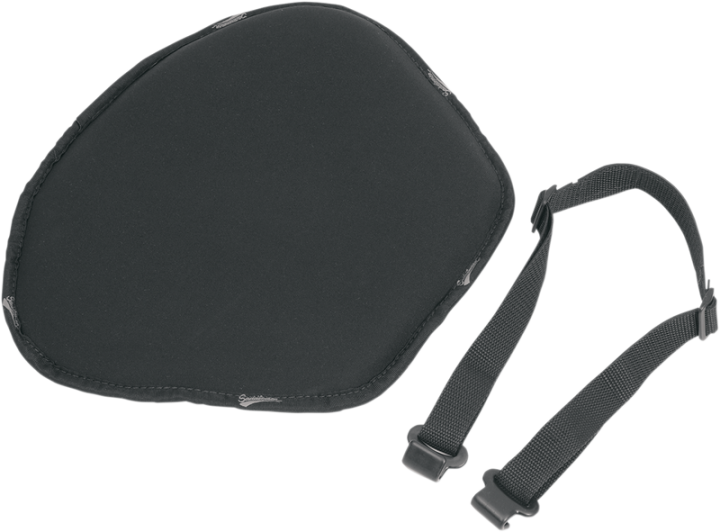 SADDLEMEN Pad - Original Comfort - Large - Soft-Stretch Fabric - Black 100FJ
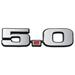 Summit Racing SUM-470228 - Summit Racing&amp;#174; OEM Replacement Emblems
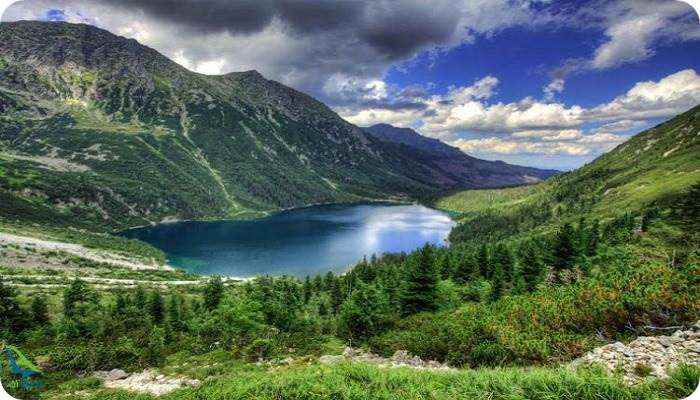 دره پنج دریاچه لهستان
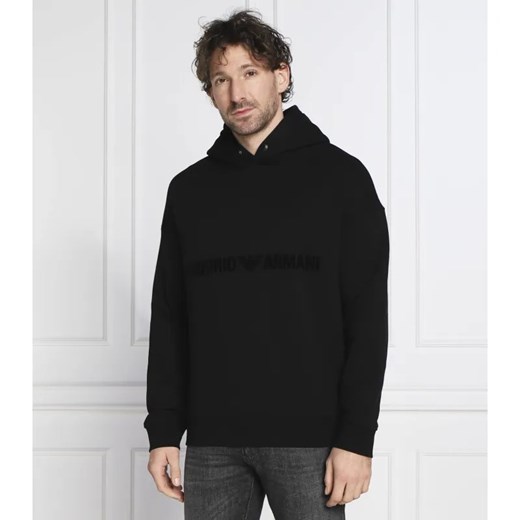 Emporio Armani Bluza | Regular Fit Emporio Armani L okazja Gomez Fashion Store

┄┄┄┄┄┄

> ACTIVITY
Each line from the one containing "دره پنج دریاچه لهستان" through the last line above should be retyped exactly, and no other line. Any picture is to be left out.

> ANSWER FOR THIS EXERCISE
 دره پنج دریاچه لهستان
 Emporio Armani Bluza | Regular Fit Emporio Armani L okazja Gomez Fashion Store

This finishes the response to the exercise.